There, I said it. Now you can stop reading. Or you can continue. But watch where you step.

Security by obscurity is generally frowned upon, because people have relied on it as their only layer of defense. When you think that nobody will be able to reverse engineer your clever code, or find that specific file holding all the secrets, you have already lost. People got quite efficient at reverse engineering and finding secrets.

That's why it is recommended to rely on safer algorithms and techniques to protect your system. They have been tested, and were created especially for that purpose. That can be encryption algorithms, authorization systems, etc.

The second rule of security by obscurity is: you should not need it

Defense is hard because of information asymmetry: the attacker often has more information than you to approach the system. That could be 0-day vulnerabilities, or the knowledge that you misconfigured one of your servers. The attacker has basically more time and more money than what you can spend on security.

The tools you have at hand? Patching the code, controlling authorizations, verifying your logs... You get a system that should not be easy to attack even if the attacker is familiar with the underlying software.

Except that the attacker might be well informed on the problems of deploying that particular CMS. Or there's a specific vulnerability you don't know about that is exploited automatically by botnets...

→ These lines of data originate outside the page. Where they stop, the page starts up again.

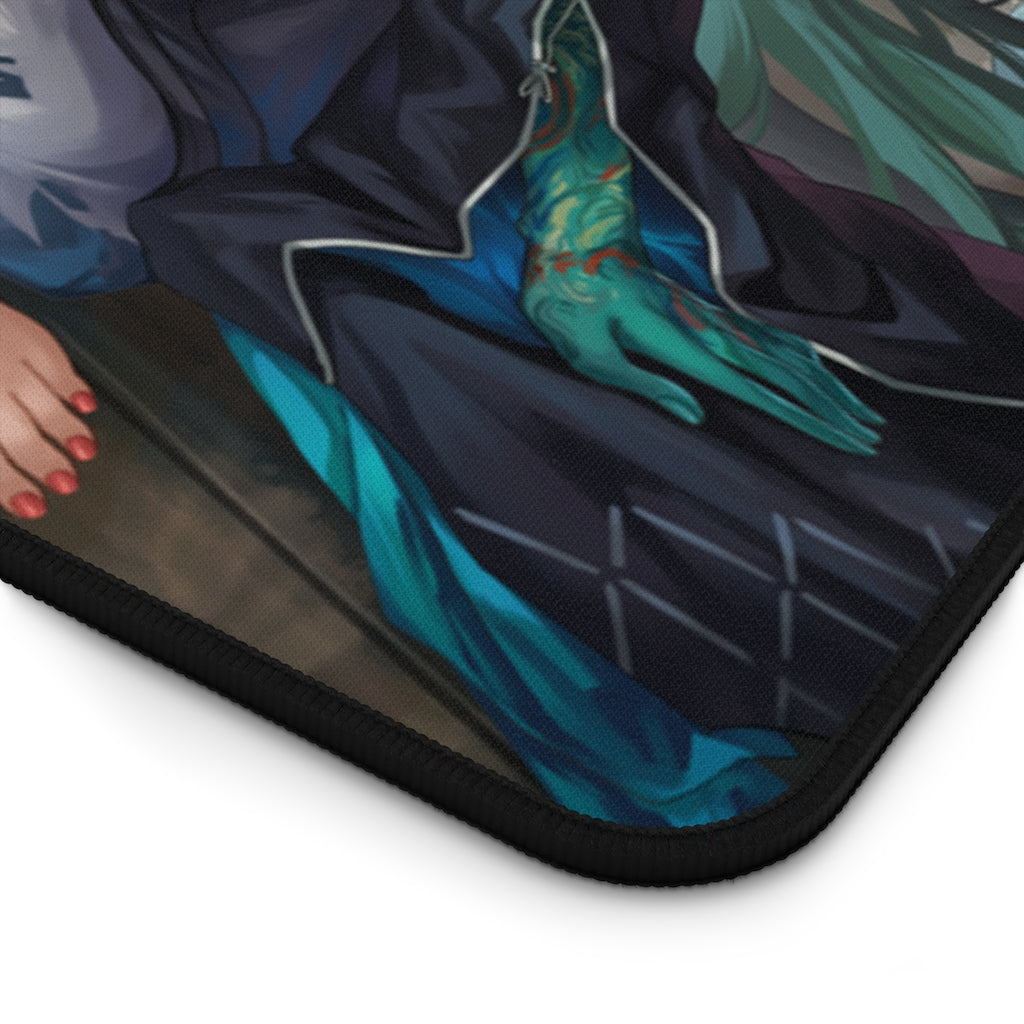 Arknights Ecchi Mousepad - Dust And Nian Large Desk Mat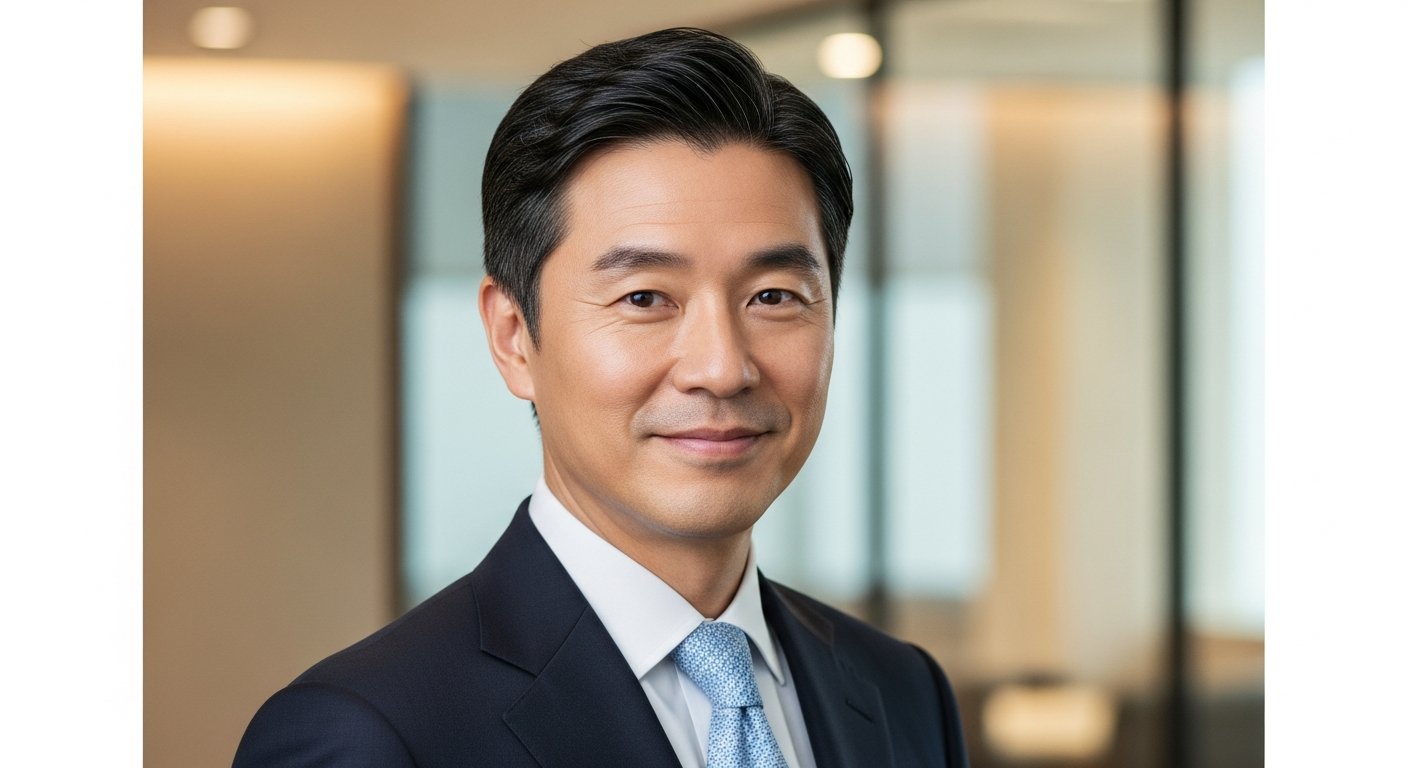 Portrait of David Kim, Head of Production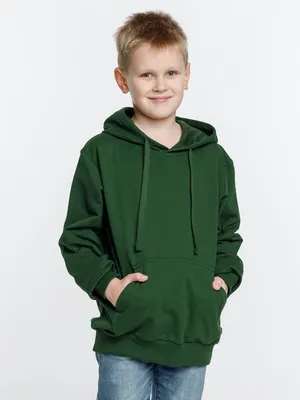 Худи детское Kirenga Kids 2.0, темно-зеленое — фото 6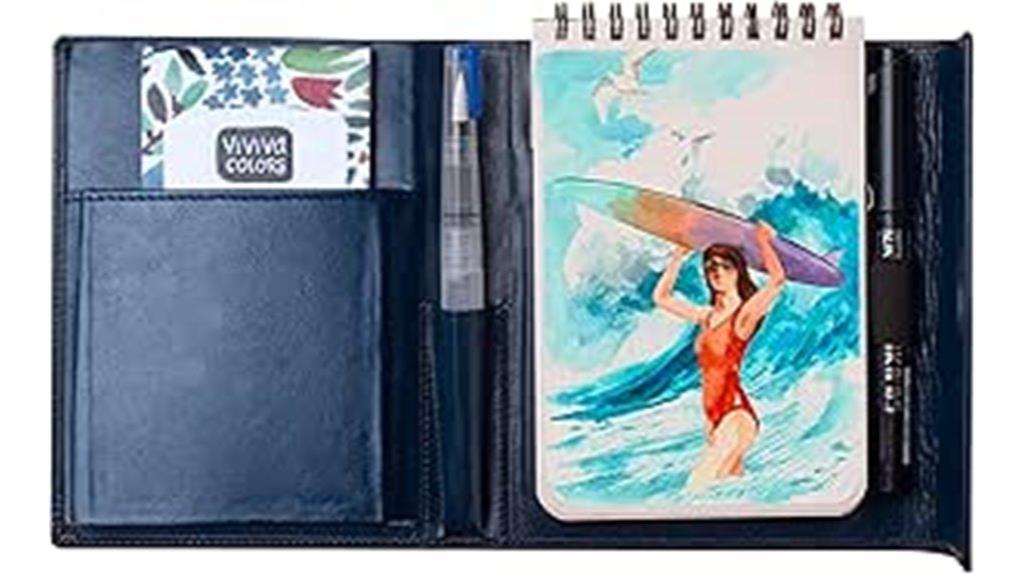 portable watercolor travel kit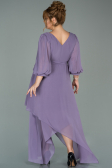 Robe Grande Taille Midi Mousseline Lavande ABK1083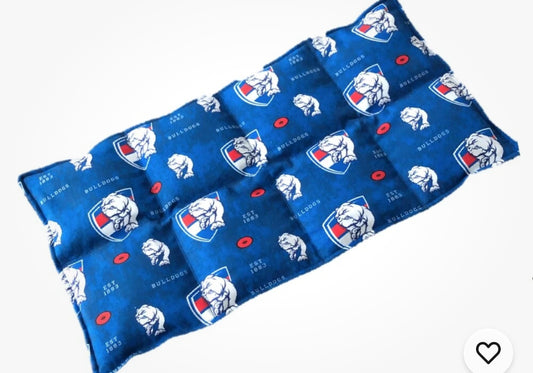 Footy Wheat Bag Heat Packs  Western Bulldogs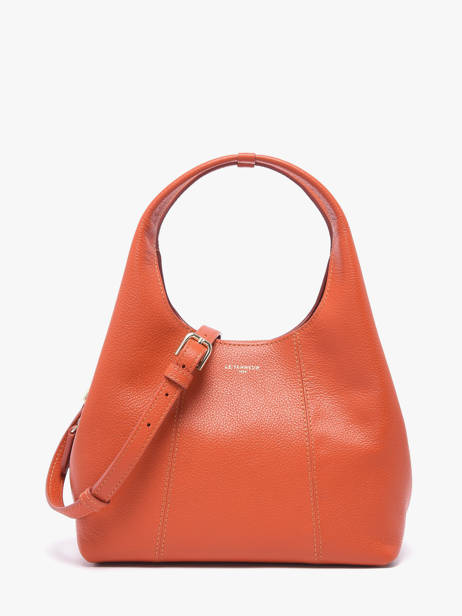 Small Leather Juliette Satchel Le tanneur Orange juliette TJET1000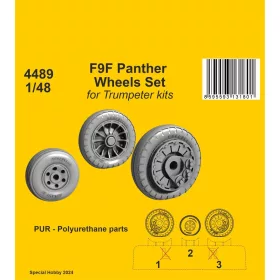   CMK F9F Panther Wheels Set / for Trumpeter kits - kerékkészlet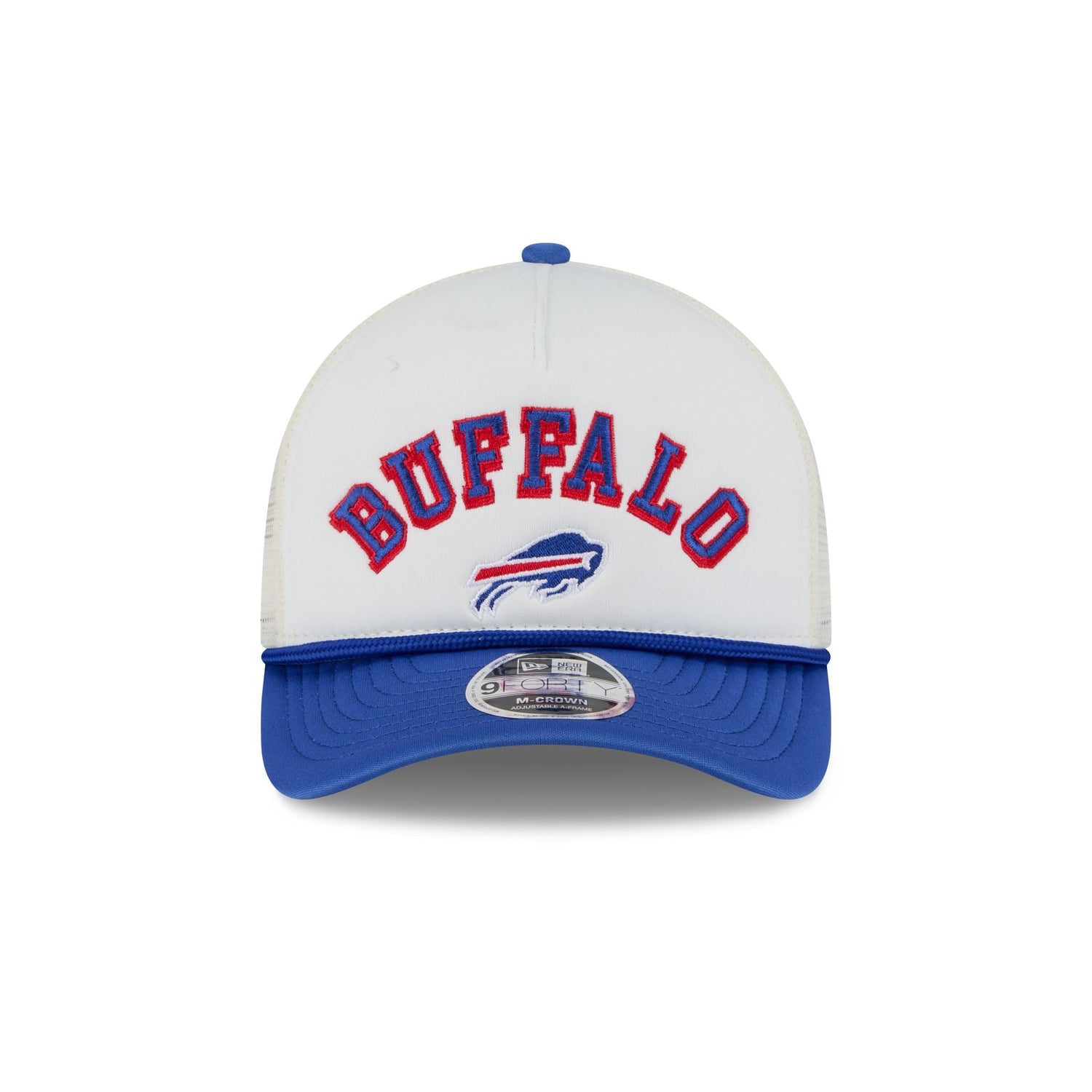 Buffalo Bills Chrome Arch 9FORTY M-Crown A-Frame Trucker Hat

The third rule of security by obscurity is: DON'T, but...

The goal of your defense layers is to drive up the cost of an attack. A really motivated attacker will always find a way (with enough ressources, they could break in your office to steal data directly). So, what you want is to make an attack costly, to drive off attackers with less ressources.

And what will security through obscurity provide you? Time! They will provide you with time to defend, and waste the attacker's time. It is in no way enough to protect you, but it can give you a lot of benefits:

See the pattern there? We already know ressourceful attackers will get past those false defenses. But the point is to make them waste time in basically three ways:

Security by obscurity is basically the fun side of defense, because you're always looking for ways to annoy the adversary ;)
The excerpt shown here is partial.